**TASK STATEMENT**
Every line from the one with "a bedroom with" up to and including the one with "Little sisters playing" is to be output exactly as it appears below; pictures are not.

**MATERIALS PROVIDED**
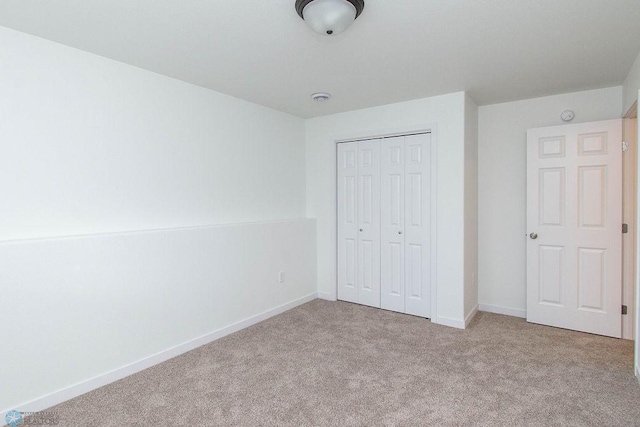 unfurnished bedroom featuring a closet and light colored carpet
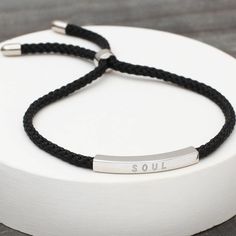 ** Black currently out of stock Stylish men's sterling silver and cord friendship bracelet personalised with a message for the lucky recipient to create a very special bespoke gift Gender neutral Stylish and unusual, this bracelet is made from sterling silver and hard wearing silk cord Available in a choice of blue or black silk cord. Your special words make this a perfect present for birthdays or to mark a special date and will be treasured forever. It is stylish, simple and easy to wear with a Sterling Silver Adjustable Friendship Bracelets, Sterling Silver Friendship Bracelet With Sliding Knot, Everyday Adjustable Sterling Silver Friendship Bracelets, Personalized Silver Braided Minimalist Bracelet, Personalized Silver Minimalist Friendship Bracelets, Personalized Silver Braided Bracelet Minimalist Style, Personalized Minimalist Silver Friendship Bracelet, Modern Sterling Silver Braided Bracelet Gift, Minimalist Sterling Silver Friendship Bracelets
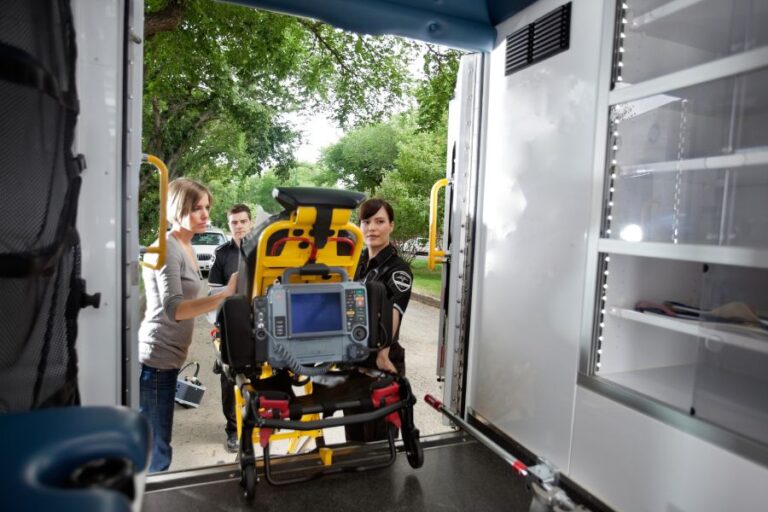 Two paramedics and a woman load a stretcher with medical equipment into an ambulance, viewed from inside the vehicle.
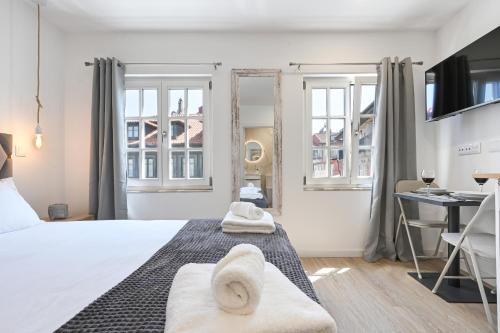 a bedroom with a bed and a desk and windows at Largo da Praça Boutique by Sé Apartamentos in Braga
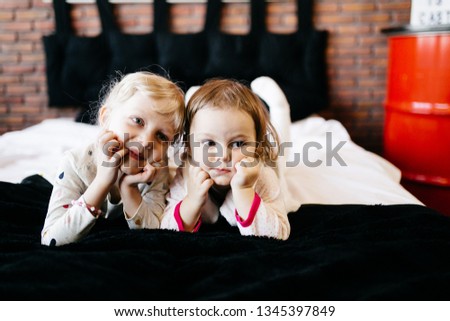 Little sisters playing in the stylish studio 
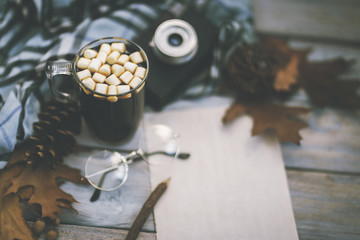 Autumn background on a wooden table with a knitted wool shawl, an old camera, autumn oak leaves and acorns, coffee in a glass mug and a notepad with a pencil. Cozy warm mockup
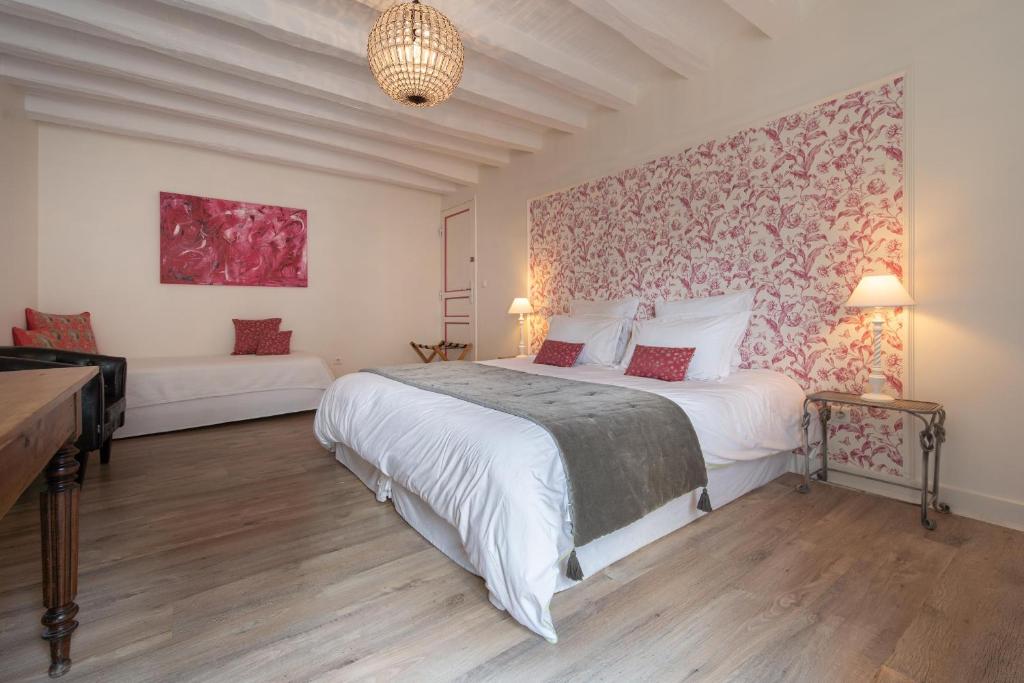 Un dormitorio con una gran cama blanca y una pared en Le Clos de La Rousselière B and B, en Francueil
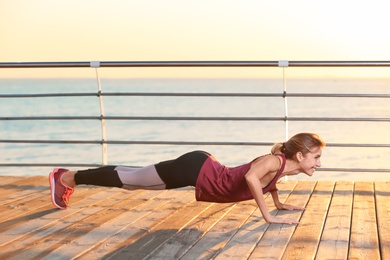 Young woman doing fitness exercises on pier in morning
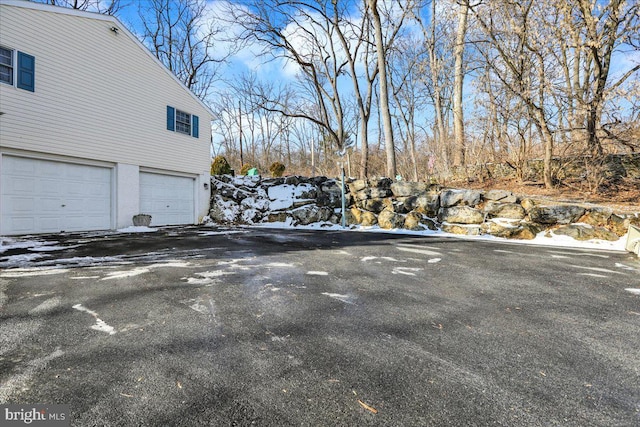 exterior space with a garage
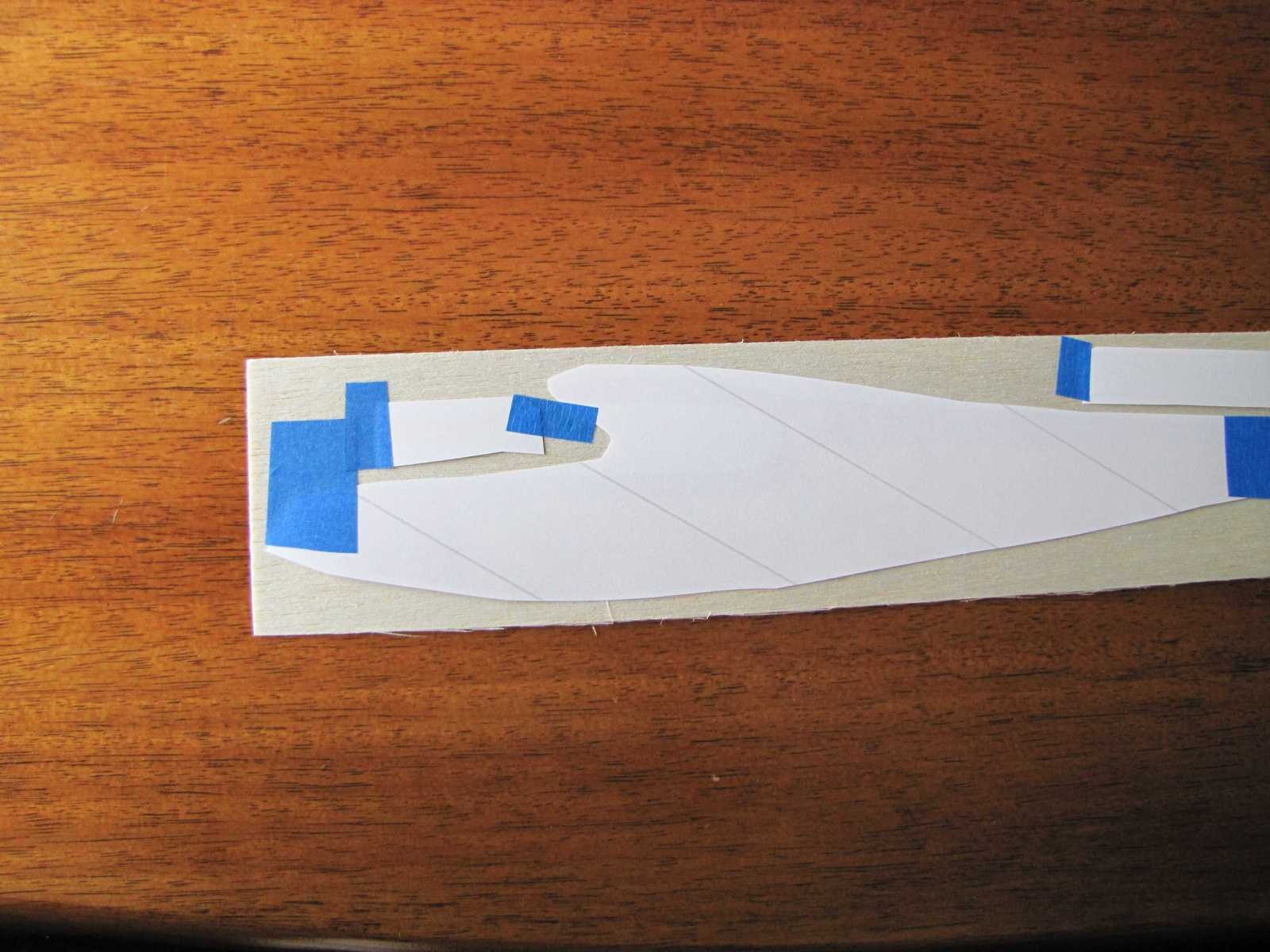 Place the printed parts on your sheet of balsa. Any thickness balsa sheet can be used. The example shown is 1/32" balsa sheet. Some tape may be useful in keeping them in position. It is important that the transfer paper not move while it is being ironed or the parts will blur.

**SOLUTION**
 a bedroom with a bed and a desk and windows at Largo da Praça Boutique by Sé Apartamentos in Braga
 Little sisters playing in the stylish studio 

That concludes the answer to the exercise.